So, I got very little sleep last night. And I have a feeling I’m going to go the same way again tonight. Today was tiring still though. I got really scared, and I’m not going to talk about why per say, I’m just going to say that I had never properly experienced what I experienced today. Whenever I was asked the question about this particular experience is the past I’ve always said I’ve never felt those things, they’ve never crossed my mind, and today they did. I cried…… A lot. I was frightened for myself and others. Yes, to those who would ask, I sought help from loved ones (well, the ones who answered their phones) to make sure I was safe. I mean, something must have bought this on, and yes, some people will have their own ideas as to what bought it on, and I have my own ideas, and I’m pretty sure my ideas are the right ones. Anyway…. I Calmed down and cooked dinner, had a beer, and chilled out. What I will say is that I’m frightened it’s going to all come back tomorrow, and I would t be prepared for it if it’s worse. Just got to stay safe, and use my comforts of people and food to get me through it I suppose!
I think I want to write a poem about how I’m feeling, but it’s all a bit girly I suppose. I dunno, I just want to express myself somehow. I don’t think being on my own for long periods of time is good for me. I think I’ve got to get out of the house, to a safe place obviously. Oh my word…….. What I will say is that some people think it’s so easy for me to do stuff. Do this, do that. I’m not a fucking dancing monkey, I’ll do what I think is best for me. I hate advice, especially when I feel the way I do now. Honestly, 90% of the time I’m glad I don’t have a temper and can usually go with the flow, but my temper is here now.
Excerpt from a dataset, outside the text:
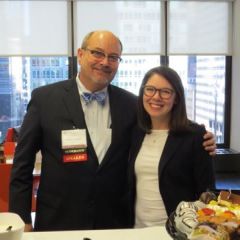 Conference co-coordinator William Anaya and ISBA CLE Coordinator Annie Moredock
Why don’t I give an opinion I ask myself sometimes. I keep my opinions to. Yself a lot of the time……. Well, actually, all the time. But alas, I let it all boil up inside of me like everything else. Blame myself for everything and no one else can do any wrong. I mean, the very few times I try to talk about something that’s bothering me it manages to get thrown back in my face, might as well zip up my mouth. Or maybe I should put my act back on that I had for so many years. The cheeky, little bit annoying person, who used to always talk. It’s been so long g since I’ve put a complete clock over my illness that I don’t think I could do it anymore. I am who I am I guess.
Well…. I’m going to go now. Might write on here again in a little while. I feel like picking up a pen. But first I must smoke.